Oil prices rose on Tuesday with revived US sanctions against major crude exporter Iran expected to tighten global supply.

Meanwhile, the Trump administration went ahead this week on its vow to reimpose sanctions on Iran.

This time around, some of Iran's former creative methods in trade with Asian customers, including a barter system which avoids sanctionable transfers to the nation, may also work with the Europeans.

U.S. West Texas Intermediate (WTI) crude futures were up at 69.21 dollars a barrel.

The sanctions target Iran's us dollar purchases, metals trading, coal, industrial software and its auto sector.

The price for Brent crude oil, the global benchmark, was up 1.22 percent as of 9:15 a.m. EDT to $74.65 per barrel.

Last week, the American Petroleum Institute (API) reported a build of 5.59 million barrels of crude oil.
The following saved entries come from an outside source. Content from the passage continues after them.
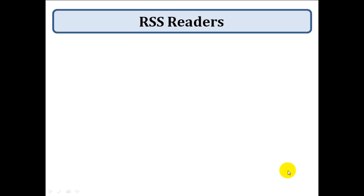In this tutorial I'm going to talk you through what an RSS reader is and then how you'd go about installing one.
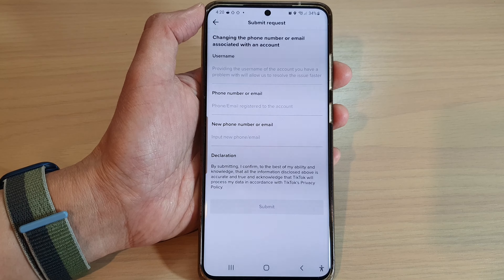Tap on Need More Help. Next, enter your account username, then your old phone number, and then the new phone number that you want to update it to. Then tap the Submit button.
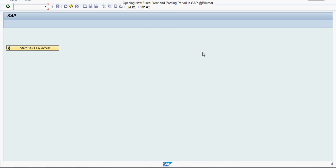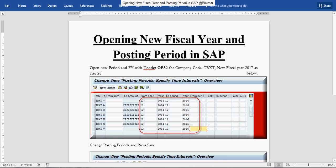Welcome everyone to our next tutorial of SAP learning. In this tutorial, we will cover one of the transactions related to year end closing. Here we are going to cover how to open a new fiscal year and posting period in SAP.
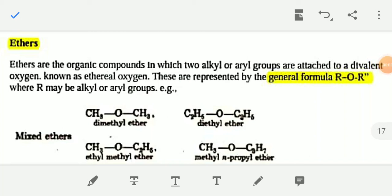Good morning students, this is Latif sir. This is my third video on Alcohols, Phenols and Ethers. In this video I am going to discuss about ethers. In the previous two videos I have already discussed about alcohols and phenols, their preparation and their chemical reactions, and which reactions you have to read, I have marked in the PDF.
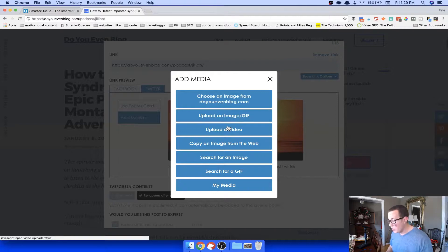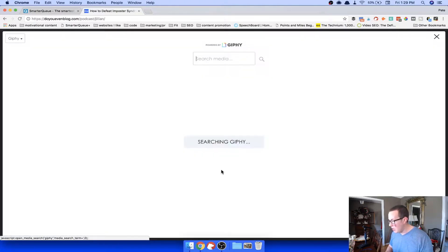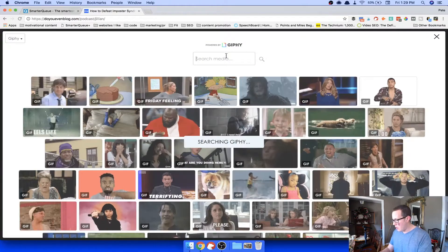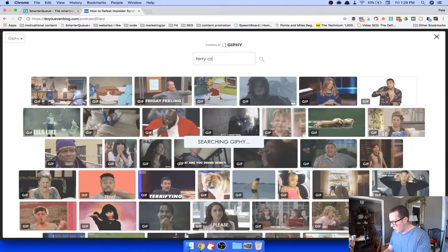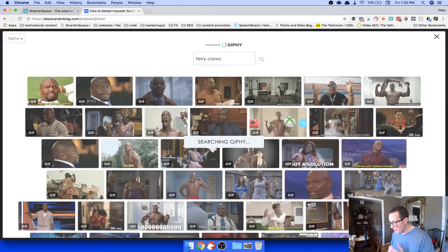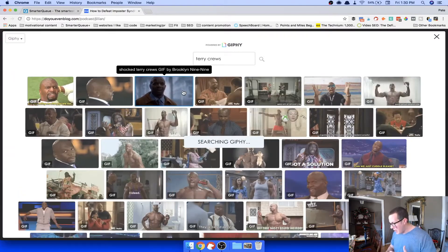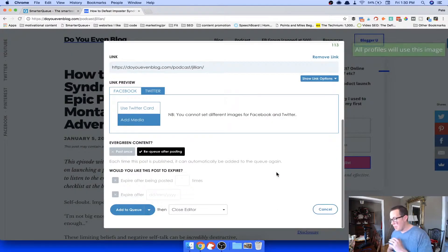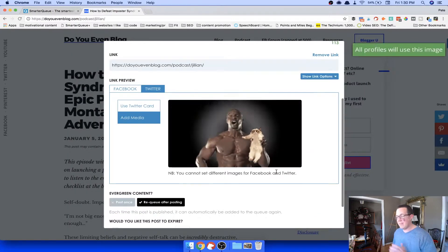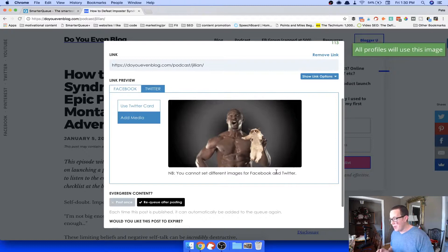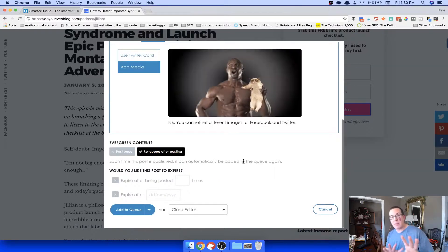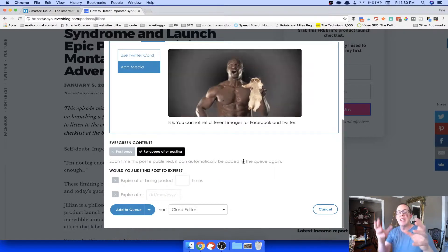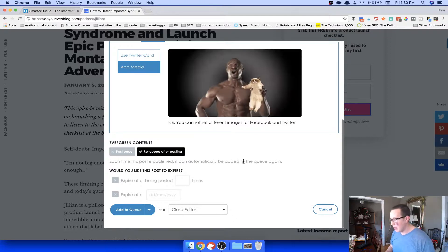There's a built-in GIF search — I'll search for Terry Crews just to show you. Look at all those Terry Crews GIFs! You can add any GIF straight to your post. Really powerful features built right in. And remember, the best part is still the evergreen content recycling.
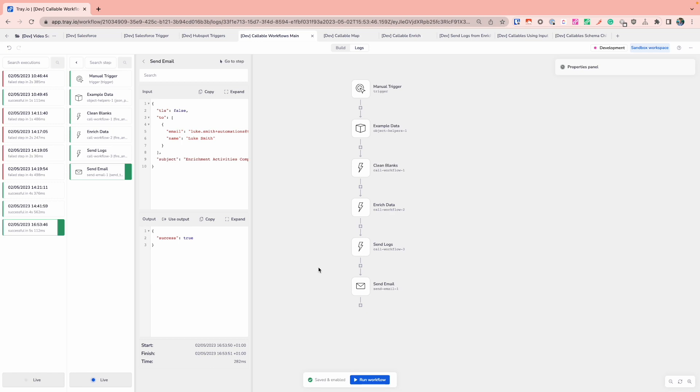This will cover the two main types of child tray workflows that you'll be using in a simplistic use case. The idea being is that you have the two types of child tray workflows available so that you can decide which one makes the most sense for your use case.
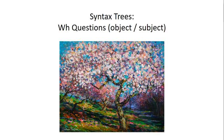Hello everybody. In this video I'm going to be going over syntax trees again, but what I'm going to do is look at the tree structures for two different kinds of WH question sentences.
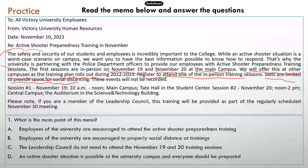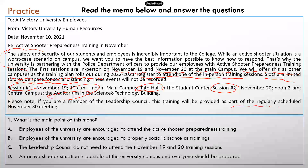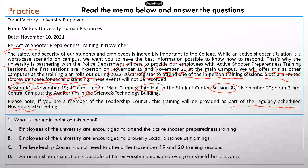This public announcement was written recently, while we're still in the midst of a pandemic, which is why social distancing is mentioned. You can see even more details about each session, such as time and specific location. There is a note at the end: if you're a member of the leadership council, this training will be provided as part of the regularly scheduled November 30th meeting. So people on the leadership council do not have to attend the regular sessions on November 19th and 20th — they can just attend the November 30th meeting.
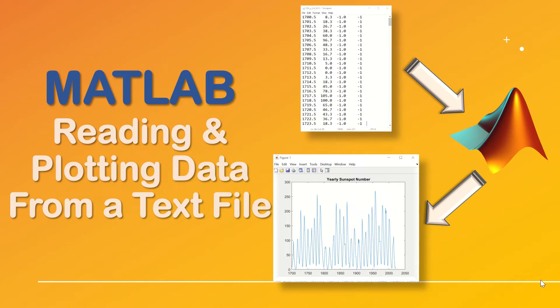Hello everyone, welcome to my channel. In this video we will be opening a text file in MATLAB and plotting its content on a figure.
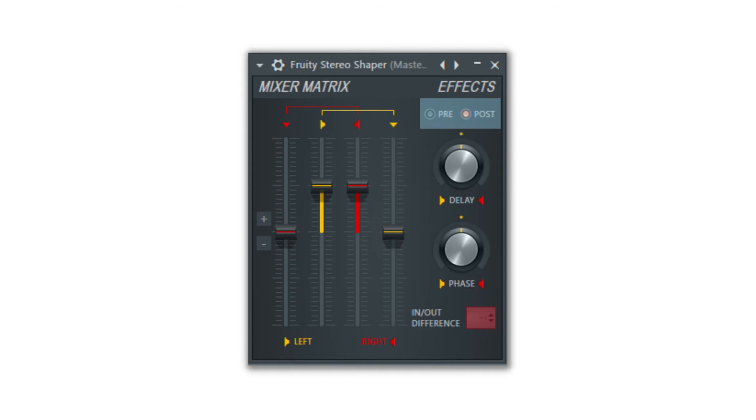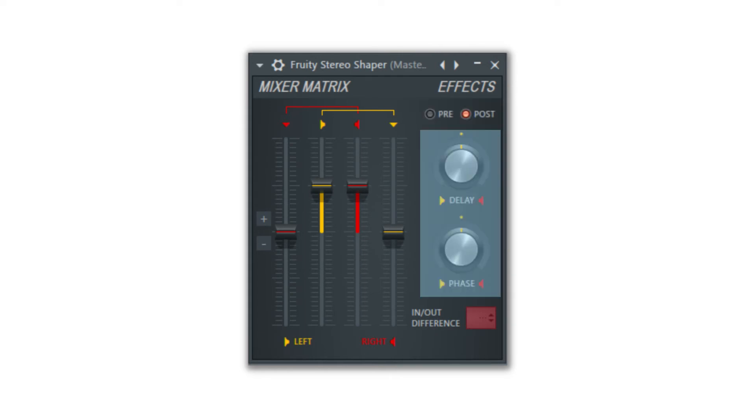Pre and post settings will cause the delay and phase knobs to have an effect prior to the stereo matrix or after the sound passes through the stereo matrix.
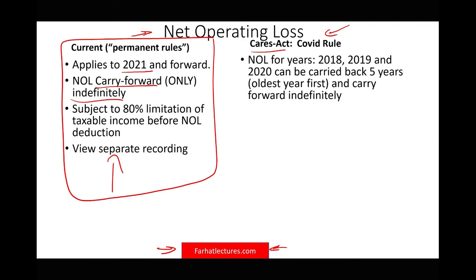The new rules will apply to 2018, 2019, and 2020. If you have any NOL in 2018, you could go back and file an amended return using the new rules. The new rules allow you to carry back your NOL five years, starting with the oldest year, and whatever remaining you can carry forward.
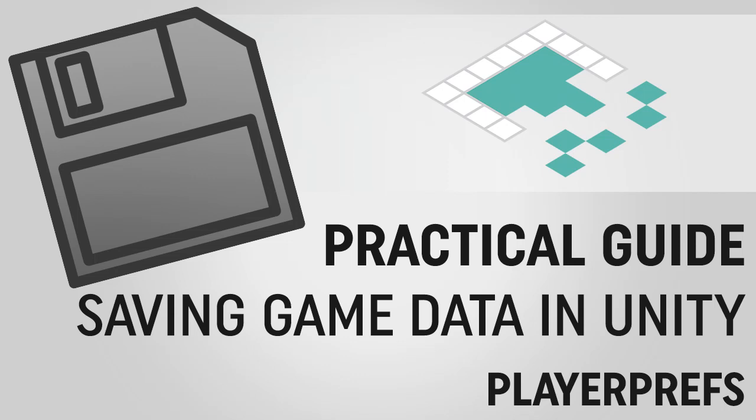Hey everyone, it's Ben from Board2Bits, and this is the first video in our Saving Data in Unity series. Today we're going to be talking about PlayerPrefs.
US sanctions on Iran's energy sector are set to be re-imposed after a 180-day "wind-down period" ending on November 4.

Many countries, including United States allies in Europe as well as China and India oppose the sanctions, but the USA government said it wants as many countries as possible to stop buying Iranian oil.

"You can not order 2 million barrels like ordering a coffee somewhere", Beat Wittmann, a partner at financial consultancy Porta Advisors, told CNBC recently.

WTI has resistance at $69.64 to $70.42 and support at $67.00 to $66.81. If we can break above the $71 level, then we are likely to reach towards the $75 handle, but there is so much noise between $70 and $71 that I think it's going to take a newsworthy event to cause that to happen.

President Donald Trump installed the first wave of sanctions Monday, targeting Iran's financial, automotive, aviation and metals sectors and threatening that the second wave will "ratchet up to yet another level" in November.

"Anyone doing business with Iran will not be doing business with the United States", he stated through his Twitter account.

This is not about bombarding the market with oil and pushing the price into the $50s, it is about preparing the market and easing the transition, he said.

Saudi Arabia's crude production dropped about 200,000 bpd last month, two sources at the Organization of the Petroleum Exporting Countries said on Friday, despite a pledge by the Saudis and top producer Russian Federation to raise output from July, with Saudi Arabia promising a "measurable" supply boost. "There is no wish from Saudi Arabia to push prices down to $50".

Traders will now look ahead to the weekly API's Weekly Statistical Bulletin today and then the US inventory data from the Energy Information Administration.